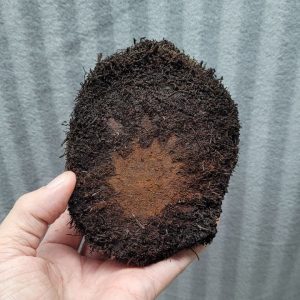 Fern tree slab (disk) for mounting epiphytes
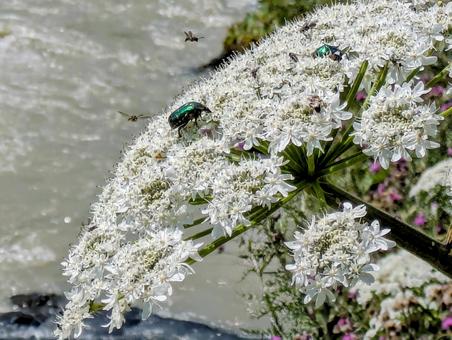 ウシュグリ村の花と昆虫 花,フラワー,ワイルドフラワーの写真素材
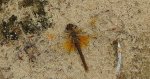 Szablak żółty (Sympetrum flaveolum)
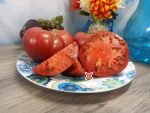 Rosedale Tomato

EXERCISE DIRECTIONS:
In the data above, find the line containing "Szablak żółty (Sympetrum flaveolum)", then output it and every later line exactly, without the pictures.

ANSWER SPACE:
 Szablak żółty (Sympetrum flaveolum)
 Rosedale Tomato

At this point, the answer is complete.